## TASK STATEMENT
Reproduce, character for character, the entries from their opening line through the line with "2025 Creekwood Drive, York, SC".

=-=-=

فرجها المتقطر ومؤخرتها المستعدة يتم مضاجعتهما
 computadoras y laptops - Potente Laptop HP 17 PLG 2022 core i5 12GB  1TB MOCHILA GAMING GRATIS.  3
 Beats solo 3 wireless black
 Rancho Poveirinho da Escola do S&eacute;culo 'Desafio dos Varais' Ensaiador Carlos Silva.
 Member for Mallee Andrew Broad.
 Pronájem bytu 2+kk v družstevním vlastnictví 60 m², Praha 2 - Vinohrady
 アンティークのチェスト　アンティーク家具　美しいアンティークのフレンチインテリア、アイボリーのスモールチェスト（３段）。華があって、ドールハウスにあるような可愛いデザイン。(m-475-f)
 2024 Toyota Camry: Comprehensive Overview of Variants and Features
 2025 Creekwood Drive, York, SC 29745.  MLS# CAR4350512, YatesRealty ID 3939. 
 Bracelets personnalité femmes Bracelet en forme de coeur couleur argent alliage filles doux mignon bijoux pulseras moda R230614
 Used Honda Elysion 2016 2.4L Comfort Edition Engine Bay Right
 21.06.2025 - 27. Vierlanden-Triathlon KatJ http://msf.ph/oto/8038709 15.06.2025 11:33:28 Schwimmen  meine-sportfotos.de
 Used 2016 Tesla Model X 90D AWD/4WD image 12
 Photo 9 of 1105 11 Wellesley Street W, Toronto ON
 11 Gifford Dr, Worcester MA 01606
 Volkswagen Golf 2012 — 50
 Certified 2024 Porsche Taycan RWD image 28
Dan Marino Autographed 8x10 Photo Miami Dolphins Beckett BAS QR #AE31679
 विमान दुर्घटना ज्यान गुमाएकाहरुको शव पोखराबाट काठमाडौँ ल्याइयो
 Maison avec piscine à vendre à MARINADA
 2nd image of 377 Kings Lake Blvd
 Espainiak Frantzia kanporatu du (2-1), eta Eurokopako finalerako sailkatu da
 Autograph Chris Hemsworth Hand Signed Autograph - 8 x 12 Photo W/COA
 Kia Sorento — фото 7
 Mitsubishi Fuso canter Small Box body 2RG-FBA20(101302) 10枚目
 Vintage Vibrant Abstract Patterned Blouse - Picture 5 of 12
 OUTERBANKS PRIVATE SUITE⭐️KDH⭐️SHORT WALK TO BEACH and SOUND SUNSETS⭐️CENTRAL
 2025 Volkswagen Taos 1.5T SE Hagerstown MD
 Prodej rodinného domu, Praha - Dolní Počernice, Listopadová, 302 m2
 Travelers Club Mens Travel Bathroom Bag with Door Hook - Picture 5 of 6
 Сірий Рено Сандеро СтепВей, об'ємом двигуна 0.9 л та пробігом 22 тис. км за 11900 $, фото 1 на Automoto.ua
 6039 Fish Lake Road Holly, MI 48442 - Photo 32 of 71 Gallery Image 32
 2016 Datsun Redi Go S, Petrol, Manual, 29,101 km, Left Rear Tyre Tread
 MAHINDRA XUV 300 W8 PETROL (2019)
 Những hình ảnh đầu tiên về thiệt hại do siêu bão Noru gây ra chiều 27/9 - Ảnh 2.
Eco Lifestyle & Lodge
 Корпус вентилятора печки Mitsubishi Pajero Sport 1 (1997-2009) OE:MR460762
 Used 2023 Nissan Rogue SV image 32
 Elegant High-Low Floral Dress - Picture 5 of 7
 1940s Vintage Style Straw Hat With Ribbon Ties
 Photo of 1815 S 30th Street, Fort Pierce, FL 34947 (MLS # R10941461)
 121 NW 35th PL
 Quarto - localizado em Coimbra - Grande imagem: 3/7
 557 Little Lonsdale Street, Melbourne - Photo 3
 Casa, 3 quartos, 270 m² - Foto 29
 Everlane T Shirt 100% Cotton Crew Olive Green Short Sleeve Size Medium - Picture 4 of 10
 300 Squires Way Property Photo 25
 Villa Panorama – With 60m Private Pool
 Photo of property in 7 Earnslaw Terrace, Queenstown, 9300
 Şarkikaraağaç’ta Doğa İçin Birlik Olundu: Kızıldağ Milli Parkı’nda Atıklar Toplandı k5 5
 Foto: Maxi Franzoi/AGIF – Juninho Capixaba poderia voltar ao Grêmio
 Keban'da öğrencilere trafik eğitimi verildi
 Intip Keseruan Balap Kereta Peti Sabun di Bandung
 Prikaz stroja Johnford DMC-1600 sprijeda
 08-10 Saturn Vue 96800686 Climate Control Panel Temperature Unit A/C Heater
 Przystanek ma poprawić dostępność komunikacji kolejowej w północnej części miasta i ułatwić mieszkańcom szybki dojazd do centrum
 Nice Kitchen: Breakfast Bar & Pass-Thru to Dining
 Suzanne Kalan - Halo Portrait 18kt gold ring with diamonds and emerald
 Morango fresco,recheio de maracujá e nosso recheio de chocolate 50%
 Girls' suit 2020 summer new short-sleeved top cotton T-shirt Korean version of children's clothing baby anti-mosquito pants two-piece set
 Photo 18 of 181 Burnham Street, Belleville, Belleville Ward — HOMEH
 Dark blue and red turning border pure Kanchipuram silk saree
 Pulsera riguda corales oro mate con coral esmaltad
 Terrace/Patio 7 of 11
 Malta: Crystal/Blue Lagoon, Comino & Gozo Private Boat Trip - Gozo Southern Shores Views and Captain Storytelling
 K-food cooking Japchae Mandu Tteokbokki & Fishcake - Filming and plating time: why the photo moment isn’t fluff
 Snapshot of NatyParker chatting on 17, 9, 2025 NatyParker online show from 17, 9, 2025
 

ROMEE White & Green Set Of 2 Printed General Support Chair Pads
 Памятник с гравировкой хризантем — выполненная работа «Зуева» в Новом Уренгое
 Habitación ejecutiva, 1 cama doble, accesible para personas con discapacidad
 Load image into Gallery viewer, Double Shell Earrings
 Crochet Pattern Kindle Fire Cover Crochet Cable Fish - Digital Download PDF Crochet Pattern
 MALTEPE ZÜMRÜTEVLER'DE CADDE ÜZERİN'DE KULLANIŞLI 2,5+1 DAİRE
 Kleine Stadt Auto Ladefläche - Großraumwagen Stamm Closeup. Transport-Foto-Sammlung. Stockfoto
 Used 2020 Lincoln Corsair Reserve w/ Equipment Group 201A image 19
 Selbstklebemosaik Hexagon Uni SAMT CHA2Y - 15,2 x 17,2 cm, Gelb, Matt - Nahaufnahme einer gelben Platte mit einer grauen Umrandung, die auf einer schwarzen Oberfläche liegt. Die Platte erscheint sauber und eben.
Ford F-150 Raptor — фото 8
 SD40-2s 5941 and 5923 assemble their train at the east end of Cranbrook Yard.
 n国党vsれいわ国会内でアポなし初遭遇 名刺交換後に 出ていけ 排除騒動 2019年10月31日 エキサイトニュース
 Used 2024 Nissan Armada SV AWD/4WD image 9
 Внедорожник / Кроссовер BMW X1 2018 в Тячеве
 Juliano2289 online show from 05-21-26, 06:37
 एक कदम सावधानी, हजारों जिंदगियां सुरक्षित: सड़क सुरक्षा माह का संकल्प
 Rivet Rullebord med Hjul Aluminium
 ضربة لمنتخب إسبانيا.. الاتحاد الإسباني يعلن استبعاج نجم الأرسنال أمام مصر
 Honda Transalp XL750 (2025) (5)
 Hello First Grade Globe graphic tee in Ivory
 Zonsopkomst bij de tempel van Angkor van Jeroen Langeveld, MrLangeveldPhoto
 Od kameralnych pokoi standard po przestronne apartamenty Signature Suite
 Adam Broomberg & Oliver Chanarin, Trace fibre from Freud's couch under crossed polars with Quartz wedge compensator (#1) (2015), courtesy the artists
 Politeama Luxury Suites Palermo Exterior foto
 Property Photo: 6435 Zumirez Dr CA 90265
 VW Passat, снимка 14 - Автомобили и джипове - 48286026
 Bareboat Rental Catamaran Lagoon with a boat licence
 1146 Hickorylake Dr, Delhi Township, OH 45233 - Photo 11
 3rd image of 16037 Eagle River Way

=-=-=

## SOLUTION
فرجها المتقطر ومؤخرتها المستعدة يتم مضاجعتهما
 computadoras y laptops - Potente Laptop HP 17 PLG 2022 core i5 12GB  1TB MOCHILA GAMING GRATIS.  3
 Beats solo 3 wireless black
 Rancho Poveirinho da Escola do S&eacute;culo 'Desafio dos Varais' Ensaiador Carlos Silva.
 Member for Mallee Andrew Broad.
 Pronájem bytu 2+kk v družstevním vlastnictví 60 m², Praha 2 - Vinohrady
 アンティークのチェスト　アンティーク家具　美しいアンティークのフレンチインテリア、アイボリーのスモールチェスト（３段）。華があって、ドールハウスにあるような可愛いデザイン。(m-475-f)
 2024 Toyota Camry: Comprehensive Overview of Variants and Features
 2025 Creekwood Drive, York, SC 29745.  MLS# CAR4350512, YatesRealty ID 3939. 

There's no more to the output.